### Your objective
Below are records; copy exactly the line containing "The Nightfall Haze" and every line after it, through the last.

### Data provided
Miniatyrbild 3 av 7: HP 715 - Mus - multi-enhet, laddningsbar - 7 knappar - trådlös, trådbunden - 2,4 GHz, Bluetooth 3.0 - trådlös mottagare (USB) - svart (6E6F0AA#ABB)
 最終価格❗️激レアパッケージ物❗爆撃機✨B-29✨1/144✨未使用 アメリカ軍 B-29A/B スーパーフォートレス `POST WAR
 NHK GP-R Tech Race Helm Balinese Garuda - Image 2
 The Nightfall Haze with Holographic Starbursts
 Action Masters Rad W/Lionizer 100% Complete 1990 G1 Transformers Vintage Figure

### Expected output
 The Nightfall Haze with Holographic Starbursts
 Action Masters Rad W/Lionizer 100% Complete 1990 G1 Transformers Vintage Figure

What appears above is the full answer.